More lexer questions - D Programming Language Discussion Forum

Forums

New users
- Learn
Community
- General
- Announce
Improvements
- DIP Ideas
- DIP Devel.
Ecosystem
- GDC
- LDC
- Debuggers
- IDEs
- DWT
Development
- Internals
- Issues
- Beta
- DMD
- Phobos
- Druntime
- Study
Turkish
- Genel
- Duyuru

Index » General » More lexer questions

Thread overview

More lexer questions
Feb 11, 2012 H. S. Teoh
Feb 11, 2012 Timon Gehr
Feb 11, 2012 Martin Nowak
Feb 11, 2012 Timon Gehr
Feb 12, 2012 simendsjo
Feb 12, 2012 H. S. Teoh
Feb 12, 2012 Jonathan M Davis
Feb 12, 2012 Martin Nowak
Feb 12, 2012 Alex_Dovhal
Feb 12, 2012 Martin Nowak
Feb 11, 2012 H. S. Teoh

February 11, 2012

More lexer questions

Posted by H. S. Teoh

H. S. Teoh

According to the online specs, the lexer tries to tokenize by maximal matching (except for one exception in the case of ranges like "1..2"). The fact that this exception is stated seems to indicate that it's permitted to have two literals side-by-side without an intervening space.
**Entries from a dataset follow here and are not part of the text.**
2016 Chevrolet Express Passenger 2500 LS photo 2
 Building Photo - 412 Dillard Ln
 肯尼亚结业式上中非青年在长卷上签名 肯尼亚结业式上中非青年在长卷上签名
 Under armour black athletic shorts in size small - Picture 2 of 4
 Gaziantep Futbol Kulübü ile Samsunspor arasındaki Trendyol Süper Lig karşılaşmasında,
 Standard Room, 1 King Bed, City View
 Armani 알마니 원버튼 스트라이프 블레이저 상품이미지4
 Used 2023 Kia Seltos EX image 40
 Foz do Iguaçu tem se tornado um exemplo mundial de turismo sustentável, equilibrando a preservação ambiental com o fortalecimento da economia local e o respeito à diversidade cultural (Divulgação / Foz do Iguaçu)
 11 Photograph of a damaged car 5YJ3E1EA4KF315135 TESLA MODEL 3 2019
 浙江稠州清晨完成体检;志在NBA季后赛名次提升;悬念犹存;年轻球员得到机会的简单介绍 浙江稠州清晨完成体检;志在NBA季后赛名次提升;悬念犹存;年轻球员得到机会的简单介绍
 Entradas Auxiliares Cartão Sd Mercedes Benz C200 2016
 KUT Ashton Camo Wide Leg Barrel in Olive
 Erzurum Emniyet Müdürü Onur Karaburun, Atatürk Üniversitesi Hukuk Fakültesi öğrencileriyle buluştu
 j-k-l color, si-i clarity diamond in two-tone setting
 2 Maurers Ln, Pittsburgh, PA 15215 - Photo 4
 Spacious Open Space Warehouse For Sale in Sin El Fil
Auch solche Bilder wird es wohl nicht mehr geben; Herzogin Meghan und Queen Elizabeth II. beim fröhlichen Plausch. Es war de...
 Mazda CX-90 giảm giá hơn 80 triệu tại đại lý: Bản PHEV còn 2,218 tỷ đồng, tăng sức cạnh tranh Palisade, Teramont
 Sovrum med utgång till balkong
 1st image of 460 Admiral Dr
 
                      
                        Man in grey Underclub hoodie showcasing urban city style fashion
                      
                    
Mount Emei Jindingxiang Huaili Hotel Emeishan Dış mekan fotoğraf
So does that mean "1e2" should be tokenized as (float lit: 1e2) and
"1f2" should be tokenized as (int lit: 1)(identifier: f2)?

Or, for that matter, "123abcdefg" should be tokenized as (int lit:
123)(identifier: abcdefg) whereas "0x123abcdefg" should be tokenized as
(int lit: 0x123abcdef)(identifier: g)?

Or worse, if we still allow octals, "0129" should be tokenized as (octal
lit: 012)(int lit: 9)?

Or do we expect that any integer/float literal will always span the longest string that has characters permitted in any numerical literal, and then after the fact the lexer will give an error if the string cannot be interpreted as a legal literal? IOW, "0129" will first be scanned in its entirety as a numerical literal, then afterwards the lexer decides that '9' doesn't belong in an octal so it throws an error (as opposed to maximally matching "012" as an octal literal followed by a decimal literal "9").  Or, for that matter, "0123xel.u123" will be scanned as a numerical literal (since all the characters in it occur in some kind of numerical literal), and then an error generated after the fact when the lexer realizes that this string isn't a legal numerical literal?


T

-- 
All men are mortal. Socrates is mortal. Therefore all men are Socrates.

February 11, 2012

Re: More lexer questions

Posted by Timon Gehr
in reply to H. S. Teoh

Timon Gehr

Posted in reply to H. S. Teoh

On 02/11/2012 07:42 PM, H. S. Teoh wrote:
> According to the online specs, the lexer tries to tokenize by maximal
> matching (except for one exception in the case of ranges like "1..2").
> The fact that this exception is stated seems to indicate that it's
> permitted to have two literals side-by-side without an intervening
> space.
>
> So does that mean "1e2" should be tokenized as (float lit: 1e2) and

Yes.

> "1f2" should be tokenized as (int lit: 1)(identifier: f2)?
>

No. maximal munch:

(float lit: 1f)(int lit 2)


> Or, for that matter, "123abcdefg" should be tokenized as (int lit:
> 123)(identifier: abcdefg)

Yes.

> whereas "0x123abcdefg" should be tokenized as
> (int lit: 0x123abcdef)(identifier: g)?
>
> Or worse, if we still allow octals, "0129" should be tokenized as (octal
> lit: 012)(int lit: 9)?
>

DMD views 0129 as an error. Therefore, the best way to handle integer literals with initial 0 is to just parse them as decimal and to reject them if they exceed 7.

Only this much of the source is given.